● The task: Copy exactly the lines from the line holding "Appartement - 62 m² - 4 pièces" through the end of the material, and no others; pictures stay out.

● Given information:
● ● ●
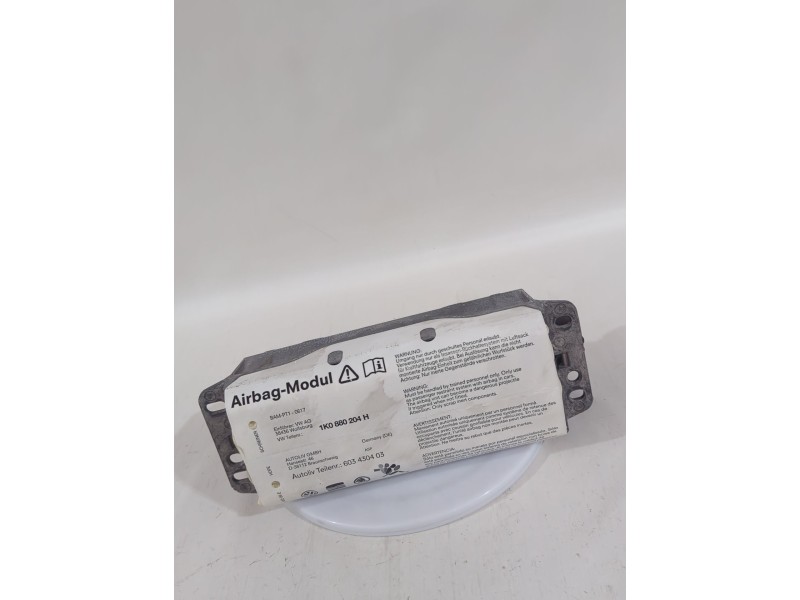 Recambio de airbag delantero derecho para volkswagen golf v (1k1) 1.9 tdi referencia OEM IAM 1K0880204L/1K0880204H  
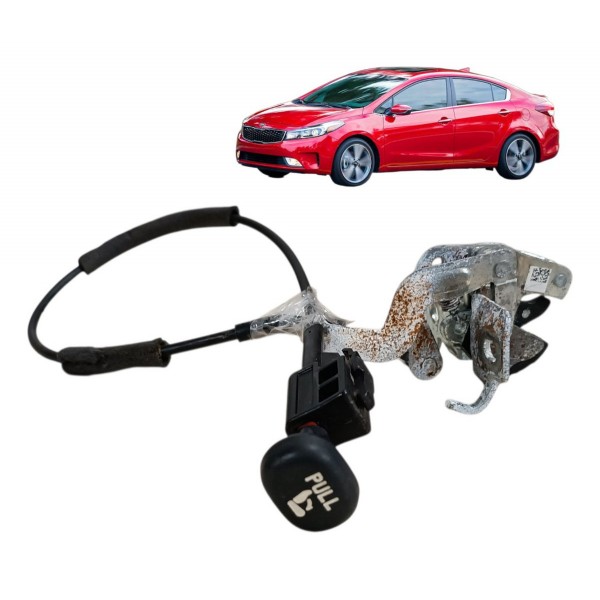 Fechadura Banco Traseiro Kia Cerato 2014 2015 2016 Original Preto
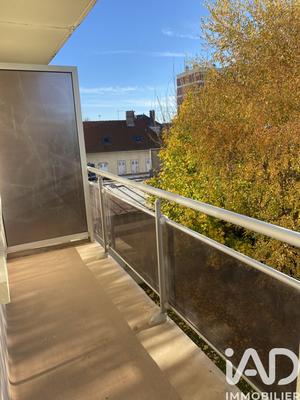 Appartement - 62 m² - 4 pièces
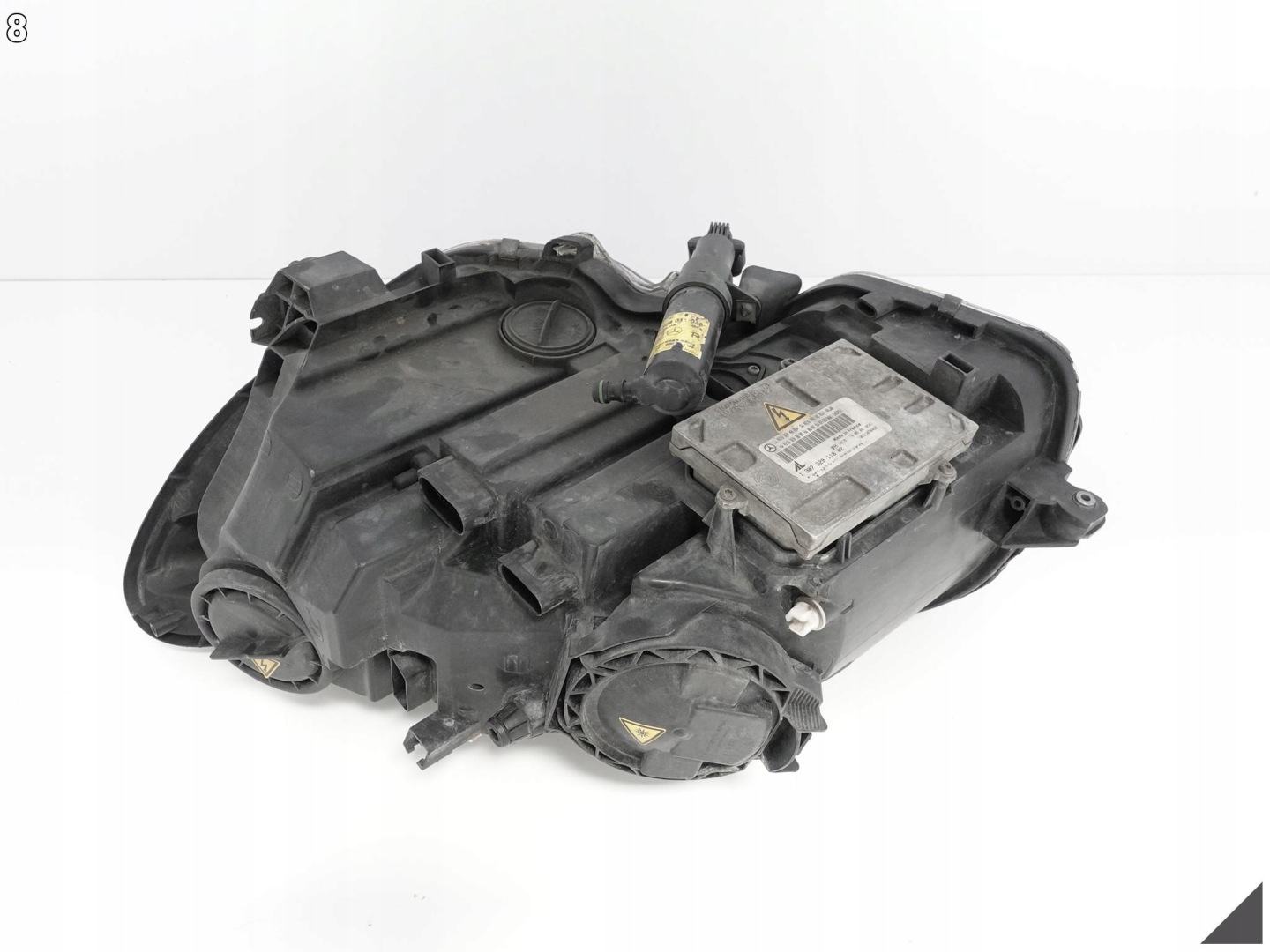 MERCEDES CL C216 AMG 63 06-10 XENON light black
● ● ●
● Answer area:
 Appartement - 62 m² - 4 pièces
 MERCEDES CL C216 AMG 63 06-10 XENON light black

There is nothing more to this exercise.